By Michael Wagner
Although Prime Minister Justin Trudeau believes that Canada is the “first postnational state’’ and has ‘‘no core identity,’’ most Canadians throughout history have probably believed otherwise. Before the late twentieth century, for example, English-speaking Canada had a notable British flavour to it, whereas Quebec has always had a distinct identity of its own, rooted in French language and culture. There was a concept of national identity, even if it was largely associated with the “two founding peoples.” However, to a certain degree this supposed “national identity” excluded the West.
Someone who has studied this subject is Richard Avramenko, a political scientist at the University of Wisconsin-Madison. Originally from Alberta, Avramenko understands the Alberta situation well. He has written about Canada’s concept of national identity, and how that concept fails to include the West. The West, in fact, has its own unique identity.
Loyalists and Anti-Americanism
To a large degree, English-speaking Canada began with the arrival of the Loyalists in the late 1700s. The Loyalists were the colonials who rejected the newly independent United States of America. They were so opposed to the creation of the new country that they came to Britain’s northern colonies to remain under British rule. In today’s terminology, the Loyalists were “anti-American.”
This anti-Americanism was soon reinforced by the War of 1812. The Loyalists and their descendants literally had to fight off American invaders. As a result, they developed what would later be called a “garrison mentality,” whereby they saw themselves as living within the defensive perimeter of Upper Canada (now known as Ontario).
These Loyalists were largely Protestant and frequently anti-Catholic. They were at the core of one of the two “founding peoples” of Canada, the other being the French Catholics of Lower Canada (now known as Quebec). Of course, the English Protestant versus French Catholic conflict has been a central theme of Canadian history.
Anyway, a powerful Protestant fraternal organization called the Orange Order gathered a large membership in Upper Canada (i.e., Ontario), including several top political leaders. With this in mind, Avramenko says that Ontario developed what he calls the “Orangemen Consciousness.” As the new Dominion of Canada expanded and acquired what is now western Canada, this Orangeman Consciousness would essentially evolve into a concept of national identity.
However, the Orangeman Consciousness never really took hold in the West. First of all, the Métis under Louis Riel rebelled against the Canadian authorities. More importantly, however, a vast wave of new settlers from Eastern Europe was brought in to settle the prairies.

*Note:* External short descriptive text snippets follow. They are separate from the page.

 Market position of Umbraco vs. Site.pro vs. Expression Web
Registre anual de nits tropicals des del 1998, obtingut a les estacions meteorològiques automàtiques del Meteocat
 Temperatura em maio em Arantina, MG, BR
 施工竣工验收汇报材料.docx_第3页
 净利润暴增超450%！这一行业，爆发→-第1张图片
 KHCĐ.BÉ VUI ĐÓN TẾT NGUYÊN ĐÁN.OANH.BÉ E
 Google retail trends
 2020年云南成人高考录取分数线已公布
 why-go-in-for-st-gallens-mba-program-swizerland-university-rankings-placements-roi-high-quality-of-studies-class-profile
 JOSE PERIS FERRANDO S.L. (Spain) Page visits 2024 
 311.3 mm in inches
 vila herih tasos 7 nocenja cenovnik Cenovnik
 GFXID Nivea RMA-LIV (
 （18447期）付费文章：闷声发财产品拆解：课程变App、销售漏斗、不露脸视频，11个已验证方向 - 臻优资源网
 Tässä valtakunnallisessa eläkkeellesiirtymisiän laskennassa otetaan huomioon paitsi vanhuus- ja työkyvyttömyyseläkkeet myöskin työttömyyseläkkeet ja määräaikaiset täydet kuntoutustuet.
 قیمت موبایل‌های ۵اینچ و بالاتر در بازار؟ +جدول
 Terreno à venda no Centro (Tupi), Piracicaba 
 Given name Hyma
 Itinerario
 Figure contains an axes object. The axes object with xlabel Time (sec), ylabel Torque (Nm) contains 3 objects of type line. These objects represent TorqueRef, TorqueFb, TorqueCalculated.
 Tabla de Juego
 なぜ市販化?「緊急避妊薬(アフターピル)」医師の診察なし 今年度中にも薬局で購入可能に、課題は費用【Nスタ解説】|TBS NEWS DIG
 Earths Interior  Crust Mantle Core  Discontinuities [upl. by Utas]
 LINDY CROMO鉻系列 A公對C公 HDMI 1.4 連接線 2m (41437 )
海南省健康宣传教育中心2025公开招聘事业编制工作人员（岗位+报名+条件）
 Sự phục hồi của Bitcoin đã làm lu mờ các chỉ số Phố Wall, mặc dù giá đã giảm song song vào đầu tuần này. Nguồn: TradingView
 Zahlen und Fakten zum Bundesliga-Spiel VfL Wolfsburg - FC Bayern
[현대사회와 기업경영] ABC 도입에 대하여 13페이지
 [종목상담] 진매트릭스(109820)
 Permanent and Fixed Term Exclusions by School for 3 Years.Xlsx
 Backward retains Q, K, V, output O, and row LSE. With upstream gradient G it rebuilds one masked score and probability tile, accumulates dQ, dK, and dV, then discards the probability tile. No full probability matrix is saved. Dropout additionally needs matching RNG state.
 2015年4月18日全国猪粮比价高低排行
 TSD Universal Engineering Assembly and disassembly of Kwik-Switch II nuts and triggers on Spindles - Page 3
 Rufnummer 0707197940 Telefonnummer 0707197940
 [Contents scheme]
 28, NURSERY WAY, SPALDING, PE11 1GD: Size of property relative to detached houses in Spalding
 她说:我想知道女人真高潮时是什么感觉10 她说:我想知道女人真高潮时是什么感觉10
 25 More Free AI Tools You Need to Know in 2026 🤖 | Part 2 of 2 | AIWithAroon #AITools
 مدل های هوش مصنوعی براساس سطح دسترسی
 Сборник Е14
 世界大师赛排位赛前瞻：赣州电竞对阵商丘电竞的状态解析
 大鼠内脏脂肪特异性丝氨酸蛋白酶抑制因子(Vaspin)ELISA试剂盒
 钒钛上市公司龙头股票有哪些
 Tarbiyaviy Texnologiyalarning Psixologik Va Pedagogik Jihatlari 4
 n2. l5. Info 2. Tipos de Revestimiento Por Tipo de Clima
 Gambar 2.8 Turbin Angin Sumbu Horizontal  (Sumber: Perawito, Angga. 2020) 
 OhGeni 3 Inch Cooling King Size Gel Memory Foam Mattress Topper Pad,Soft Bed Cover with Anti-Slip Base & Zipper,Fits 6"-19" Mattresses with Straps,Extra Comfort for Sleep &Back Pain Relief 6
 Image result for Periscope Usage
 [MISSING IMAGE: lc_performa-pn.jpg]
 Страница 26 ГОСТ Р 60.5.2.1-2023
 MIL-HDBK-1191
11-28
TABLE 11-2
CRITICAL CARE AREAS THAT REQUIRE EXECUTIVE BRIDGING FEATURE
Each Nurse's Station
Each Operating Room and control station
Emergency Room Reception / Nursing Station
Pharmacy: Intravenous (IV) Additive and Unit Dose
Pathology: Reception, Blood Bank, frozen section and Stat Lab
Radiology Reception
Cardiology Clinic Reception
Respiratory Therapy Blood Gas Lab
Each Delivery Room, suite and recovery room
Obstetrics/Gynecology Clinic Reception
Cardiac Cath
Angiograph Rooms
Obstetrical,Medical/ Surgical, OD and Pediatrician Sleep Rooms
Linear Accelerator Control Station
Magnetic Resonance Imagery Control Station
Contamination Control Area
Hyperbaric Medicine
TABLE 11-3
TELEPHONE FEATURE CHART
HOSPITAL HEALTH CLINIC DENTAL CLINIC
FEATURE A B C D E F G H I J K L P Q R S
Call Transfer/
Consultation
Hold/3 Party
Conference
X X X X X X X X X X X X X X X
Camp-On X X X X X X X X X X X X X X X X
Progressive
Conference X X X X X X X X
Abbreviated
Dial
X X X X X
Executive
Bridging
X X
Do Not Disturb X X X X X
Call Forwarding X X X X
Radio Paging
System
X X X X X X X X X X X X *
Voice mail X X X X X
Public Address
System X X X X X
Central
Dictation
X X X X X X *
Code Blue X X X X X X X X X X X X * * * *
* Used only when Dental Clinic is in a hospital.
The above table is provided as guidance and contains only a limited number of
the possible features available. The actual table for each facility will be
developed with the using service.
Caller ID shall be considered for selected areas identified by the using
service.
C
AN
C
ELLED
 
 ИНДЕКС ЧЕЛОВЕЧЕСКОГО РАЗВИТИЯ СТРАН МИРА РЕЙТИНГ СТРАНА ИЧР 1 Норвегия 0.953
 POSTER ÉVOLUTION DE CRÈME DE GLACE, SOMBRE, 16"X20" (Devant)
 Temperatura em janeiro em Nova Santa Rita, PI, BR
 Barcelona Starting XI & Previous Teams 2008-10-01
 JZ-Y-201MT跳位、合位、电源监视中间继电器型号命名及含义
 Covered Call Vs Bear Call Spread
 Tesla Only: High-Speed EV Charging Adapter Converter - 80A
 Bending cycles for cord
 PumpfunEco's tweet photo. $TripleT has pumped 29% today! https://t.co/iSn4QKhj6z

As Avramenko writes, “These were peasants deliberately recruited from Eastern Europe under the immigration policies of the then Minister of Interior, Clifford Sifton. It was Sifton who saw the great economic potential of a developed agricultural base in the West and therefore opened immigration offices in Eastern Europe with the express intention of finding peoples both hardy and desperate enough to resettle on the harsh prairie” (p. 59).
The Origin of Anti-Western Sentiment
These “peasants” had no connection to the Orangeman Consciousness whatsoever. Furthermore, some people in Ontario considered the immigrants arriving in the West to be lesser beings. Avramenko writes, “The view of the Orangeman towards the immigrants settling the West is summarized by the words of the Right Honorable Sir McKenzie Bowell, ‘The Galicians, they of the sheepskin coats, the filth and the vermin, do not make splendid material for the building of a great nation. One look at the disgusting creatures after they pass through over the CPR on their way West has caused many to marvel that beings bearing the human form could have sunk to such a bestial level’” (p. 49).
Interestingly, Avramenko sees this attitude towards the Eastern Europeans settling the prairies as the origin of anti-Western sentiment in Ontario. As he puts it, “This prejudice continues to this day in anti-Alberta rhetoric” (p. 60).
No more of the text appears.